→ **Data for this task**:
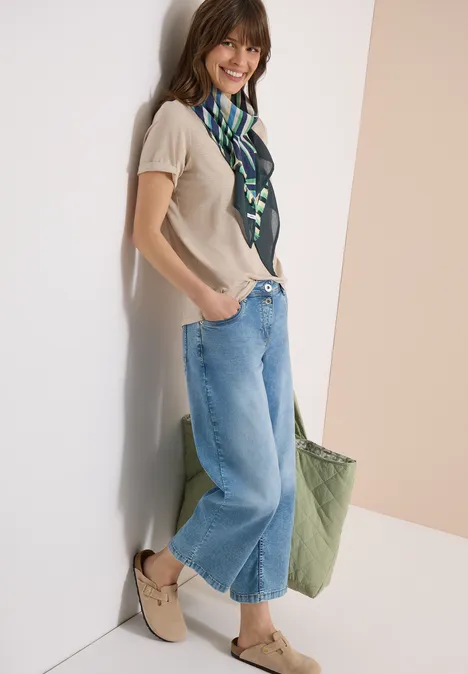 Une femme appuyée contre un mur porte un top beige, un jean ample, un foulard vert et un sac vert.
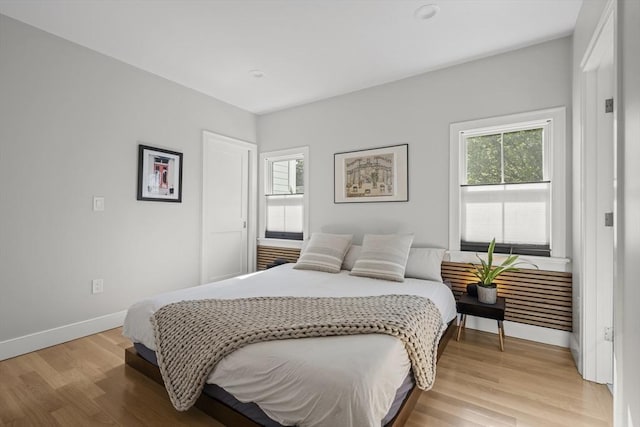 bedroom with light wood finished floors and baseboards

--

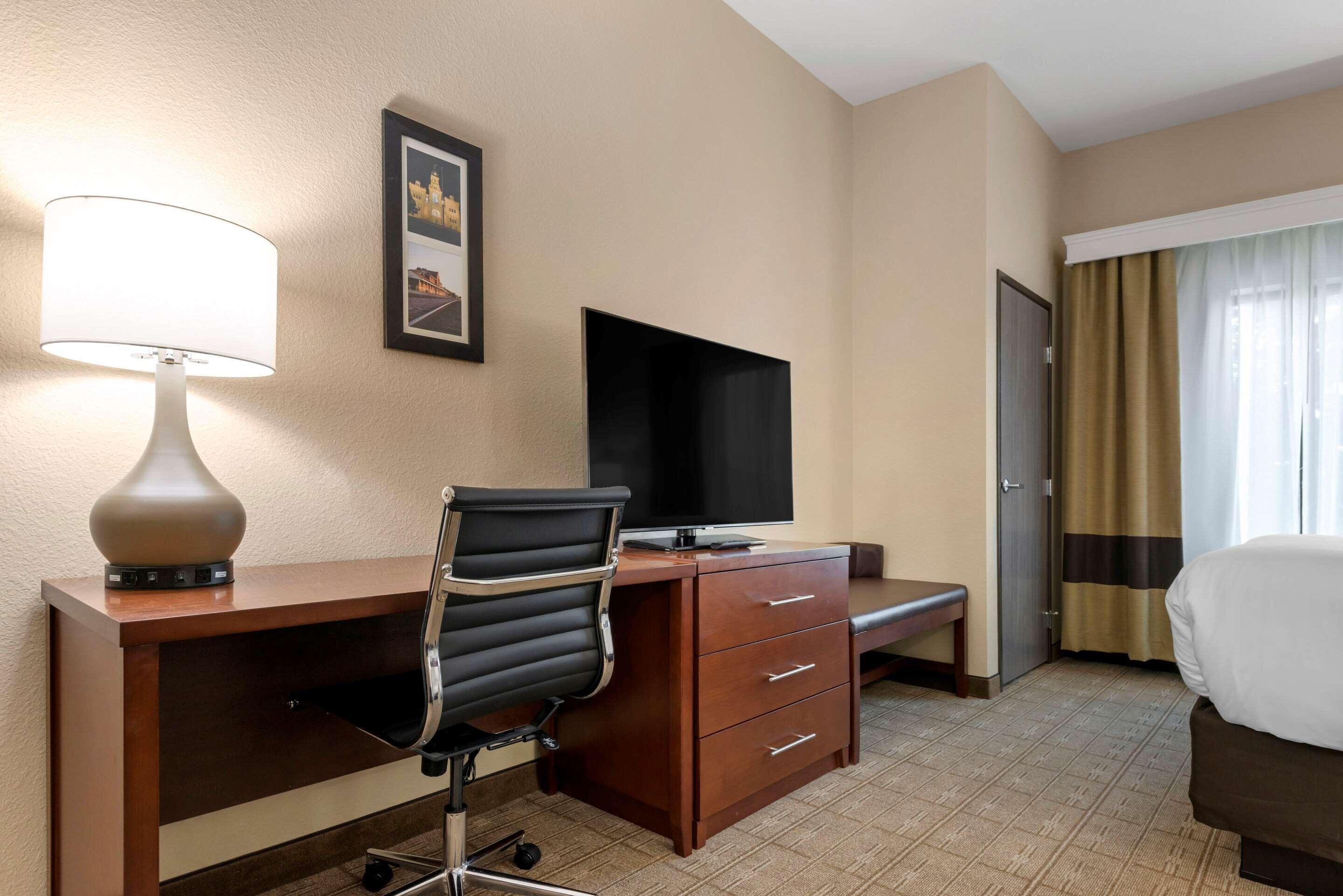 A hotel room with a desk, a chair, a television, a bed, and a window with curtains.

==

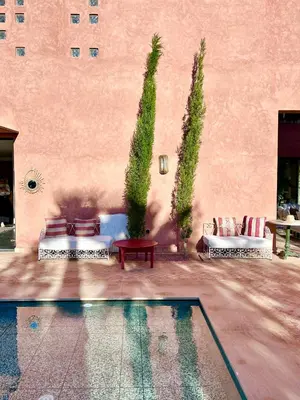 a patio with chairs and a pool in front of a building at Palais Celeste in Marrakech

→ **Task to carry out**:
Reproduce exactly the lines above that run from the one with "Une femme appuyée" to the one with "bedroom with light", both included, leaving pictures out.

→ **Exercise output**:
 Une femme appuyée contre un mur porte un top beige, un jean ample, un foulard vert et un sac vert.
 bedroom with light wood finished floors and baseboards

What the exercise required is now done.